THE CRYSTALS : 'DA DOO RON RON' (1963)

En 1966, le producteur subit son premier échec commercial (l’album River Deep, Mountain High de Ike and Tina Turner) et se retire provisoirement de la profession. Il ne réapparaîtra au premier plan que trois ans plus tard à l’occasion du travail réalisé avec les Beatles pour l’album Let It Be.

Malgré les tensions permanentes se produisant lors des séances d’enregistrement, Let It Be est une réussite. Encouragé à poursuivre, Phil Spector travaille alors sur quelques titres majeurs de John Lennon (Instant Karma, Imagine) et de George Harrison (My Sweet Lord et All Things Must Pass). Notons qu’il sera aussi de l’aventure du 'Concert For Bangla Desh' initiée par Harrison en 1970. L’album Christmas, publié deux ans plus tard, témoigne de la « grandeur » du producteur en proposant divers enregistrements, première époque, où l’on peut entendre des artistes comme Darlene Love, les Ronettes, les Crystals, B.B. Soxx & The blue Jeans.


UN SON NOUVEAU

© Spider of Destiny - Phil Spector (années 60)

Dans la carrière de Phil Spector, il faut souligner toute l'importance de l'artiste à avoir su créer un « son » inimitable (souvent plagié) pour les plus grands artistes de la Rock-Music, des Righteous Brothers aux Rolling Stones (qui en retour lui dédieront une chanson). Ses approches techniques réalisées en studio auront une grande influence, notamment auprès de groupes en quête d’expériences nouvelles comme les Beach Boys et les Beatles.

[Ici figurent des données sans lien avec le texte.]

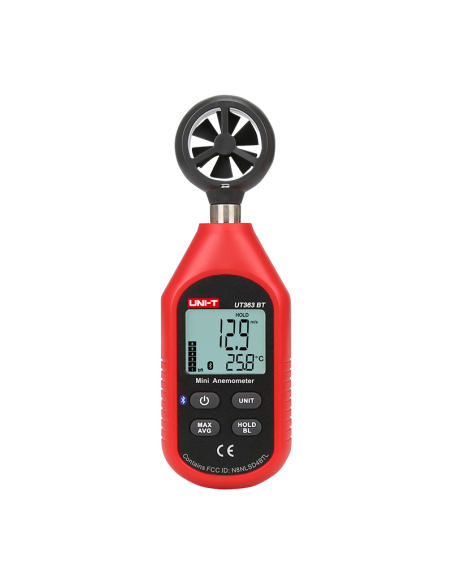 UNI-T UT363 digitales Anemometer, 0 ~ 30m/s, Temperatur -10~50°C / 14~122°F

Le « son Spector » se caractérise par une recherche musicale tout à fait unique, où chaque instrument et chaque voix sont traités individuellement, où la masse sonore devient puissante et somptueuse. Il est à l'origine de ce qu'on a appelé l'enregistrement « à l'anglaise », c'est-à-dire que tous les instruments, tous les chœurs et la voix lead sont à un même niveau sonore, excepté la batterie dont la prise est mixée plus « en avant ». Relevons que cette technique qui consiste à doubler, voire tripler, quadrupler chaque prise apporte au stade final, lors du mixage, une profondeur sonore plus ample.

En retravaillant certaines chansons via ce procédé technique, Phil Spector en est même devenu le co-auteur. Certains de ces titres peuvent être écoutés dans la compilation Back to Mono (1958-1969) que Spector a lui-même supervisé.

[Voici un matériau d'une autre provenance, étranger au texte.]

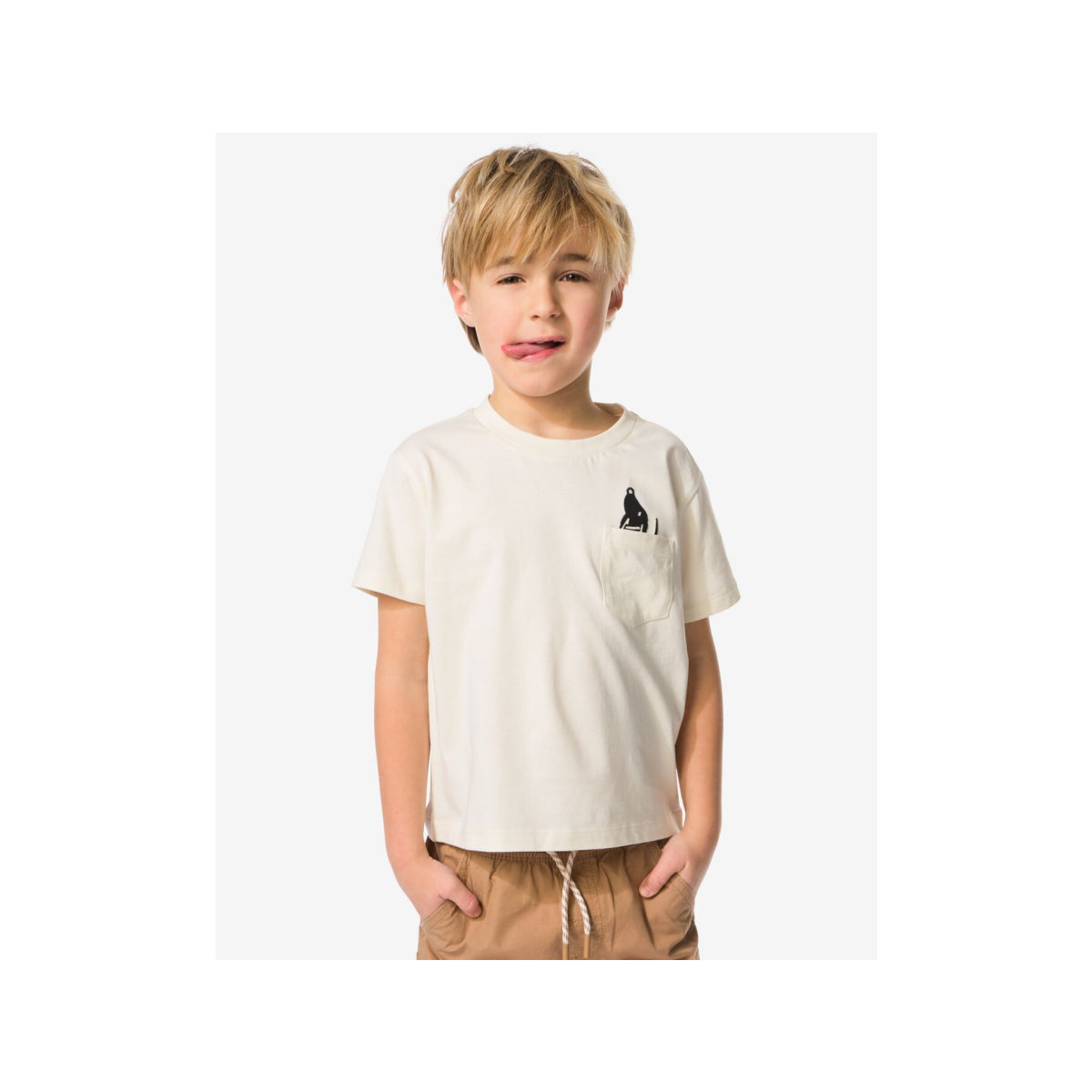 HEMA Takkie kinder T-shirt wit (wit)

THE BEATLES : 'THE LONG AND WINDING ROAD' (1969)

LA FACE SOMBRE

Malgré une carrière savamment orchestrée dans les années 60, celle-ci allait connaître un sérieux coup d'arrêt dans le courant des années 70. En cause, les comportements lunatiques, voire dangereux du producteur (Leonard Cohen sera menacé physiquement). De nombreuses collaborations artistiques, qui devaient au départ être prometteuse, n’aboutiront pas ou se termineront mal fautes d’ententes préalables (l’album End of the Century du groupe The Ramones ou avec la chanteuse canadienne Céline Dion). Phil Spector jouait de sa légende pour le meilleur, mais aussi pour le pire !

Celui qui déambulait à la face du monde dans des costumes chics était un véritable "rockeur" qui vivait dans la démesure, un être rattrapé par des troubles psychologiques chroniques. Ses « démons », comme il disait. Fantasque, insaisissable, doté d’une réputation sulfureuse, Phil Spector devait perdre son aura et ne plus retrouver le succès des années passées.

Phil Spector disparaît alors des radars jusqu’en 2003, année où le producteur fait la Une des médias quand la police découvre à son domicile le corps de l'actrice Lana Clarkson. Phil Spector affirmera que la comédienne s'était tirée elle-même une balle dans la bouche ; une version qui sera taillée en pièces par l'accusation et qui conduira le producteur en 2009, à l'issue de son second procès, d'être condamné à une peine de 19 ans de réclusion. Deux ans plus tard, Phil Spector fera toutefois appel, mais la décision de justice sera confirmée.

Le 16 janvier 2021, au bout de 12 ans d'emprisonnement, le célèbre producteur américain devait décéder de « mort naturelle » à l'hôpital pénitentiaire de Stockton, en Californie. Il avait 81 ans.